US 12,446,811 B2
Biosignal integration with vehicles and movement
Philip Low, Hillsborough, CA (US)
Assigned to Neurovigil, Inc., Moffett Field, CA (US)
Filed by NEUROVIGIL, INC., Moffett Field, CA (US)
Filed on Sep. 9, 2024, as Appl. No. 18/828,811.
Application 18/828,811 is a continuation of application No. PCT/US2024/045698, filed on Sep. 6, 2024.
Claims priority of provisional application 63/581,367, filed on Sep. 8, 2023.
Claims priority of provisional application 63/581,244, filed on Sep. 7, 2023.
Prior Publication US 2025/0083680 A1, Mar. 13, 2025
Int. Cl. B60W 60/00 (2020.01); A61B 5/00 (2006.01); A61B 5/11 (2006.01); A61B 5/18 (2006.01); A61B 5/257 (2021.01); B60N 2/00 (2006.01); B60N 2/02 (2006.01); B60N 2/806 (2018.01); B60Q 9/00 (2006.01); B60W 40/08 (2012.01); B60W 50/00 (2006.01); G06F 3/14 (2006.01); G06V 20/59 (2022.01); G10L 15/22 (2006.01); H04N 7/18 (2006.01); H04W 4/40 (2018.01); H04W 4/80 (2018.01); B60H 1/00 (2006.01)

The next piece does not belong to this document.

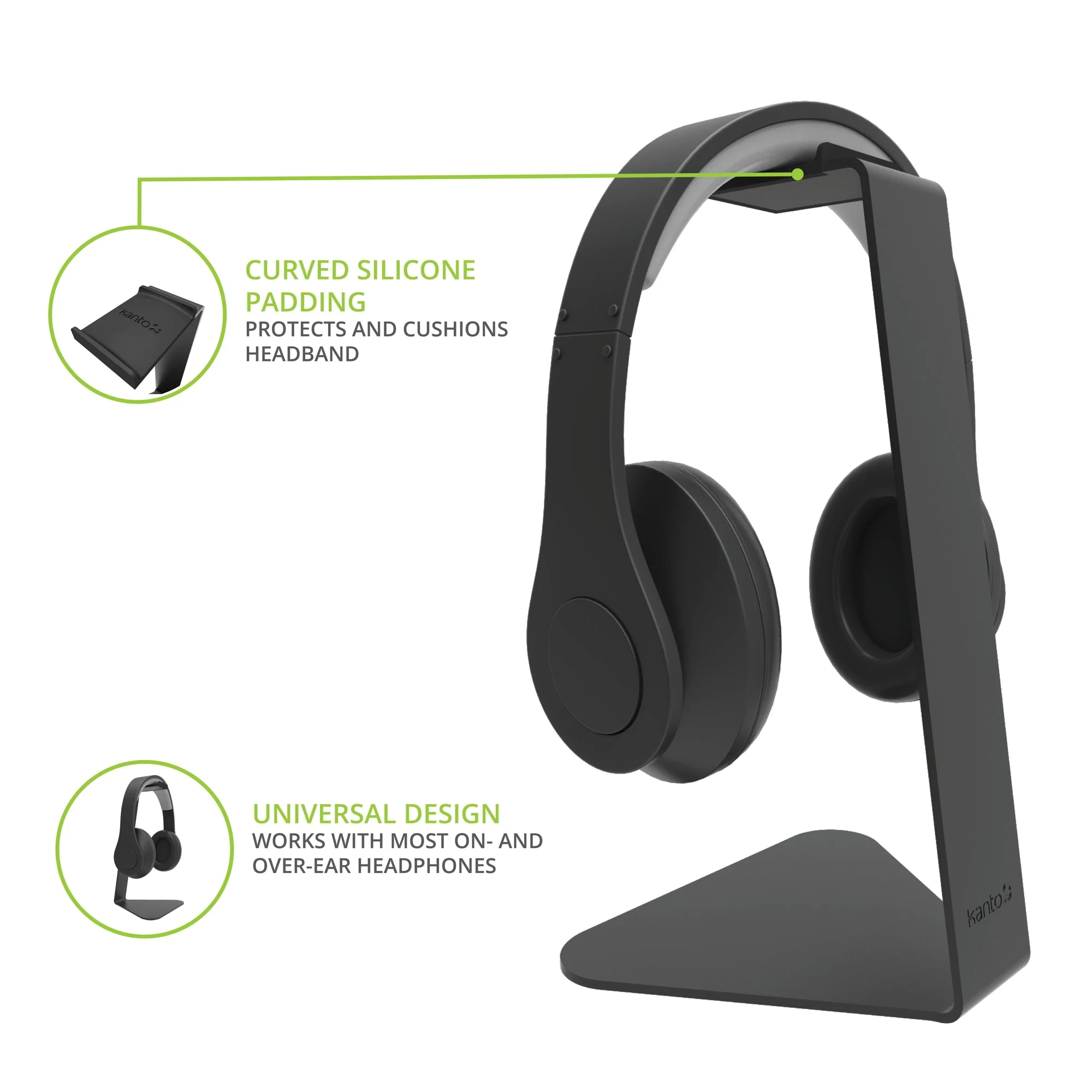 Kanto H1 Headphone Stand Black - Image 13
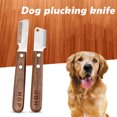 thumbnail image 1 of Wooden Handle Pets Hair Stripping Comb Convenient Hanging Hole Design Hair Remover Grooming Tool Practical Pets Supplies, 1 of 7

CPC A61B 5/18 (2013.01) [A61B 5/1103 (2013.01); A61B 5/257 (2021.01); A61B 5/4809 (2013.01); A61B 5/6893 (2013.01); B60N 2/0022 (2023.08); B60N 2/0252 (2013.01); B60N 2/026 (2023.08); B60N 2/0276 (2013.01); B60N 2/806 (2018.02); B60Q 9/00 (2013.01); B60W 40/08 (2013.01); B60W 50/0097 (2013.01); B60W 60/0016 (2020.02); B60W 60/0051 (2020.02); G06F 3/14 (2013.01); G06V 20/597 (2022.01); G10L 15/22 (2013.01); H04N 7/183 (2013.01); H04W 4/40 (2018.02); H04W 4/80 (2018.02); B60H 1/00742 (2013.01); B60W 2040/0872 (2013.01); B60W 2540/221 (2020.02); B60W 2540/225 (2020.02); B60W 2540/229 (2020.02); B60W 2556/10 (2020.02); B60W 2556/45 (2020.02); G10L 2015/223 (2013.01)] 28 Claims
OG exemplary drawing
 
1. A computer-program product tangibly embodied in a non-transitory machine-readable storage medium, including instructions configured to cause one or more data processors to perform a set of operations comprising:
accessing one or more physiological signals of a subject sitting in a vehicle, wherein the one or more physiological signals are collected by a physiological data acquisition assembly that comprises a sensing device and one or more clusters of electrodes, and wherein each cluster of the one or more clusters of electrodes comprises at least an active electrode;
computing a set of features by using the one or more physiological signals for a given time interval, wherein the set of features comprises values that are derived from one or more frequency bands of the one or more physiological signals;
predicting one or more health metrics by using the set of features with one or more machine learning models, wherein the one or more health metrics corresponds to measures indicating a health status of the subject;
determining an extent to which the one or more health metrics are deviated from a corresponding baseline value; and
triggering one or more actions based on the determination, wherein the one or more actions include outputting the one or more health metrics, generating an alert signal to the subject or a caregiver, or adapting a vehicle control, wherein
the given time interval corresponds to a scanning window that is used to segment the one or more physiological signals;
the set of features is associated with the one or more frequency bands of the one or more physiological signals for the given time interval;
the set of features includes one or more of Delta power, Gamma power, standard deviation, maximum amplitude, Gamma power/Delta power, time derivative of Delta, and time derivative of the Gamma power/Delta power; and
the set of features further includes features that are derived using component analysis from a spectrogram or a normalized spectrogram of the one or more frequency bands of the one or more physiological signals for the given time interval.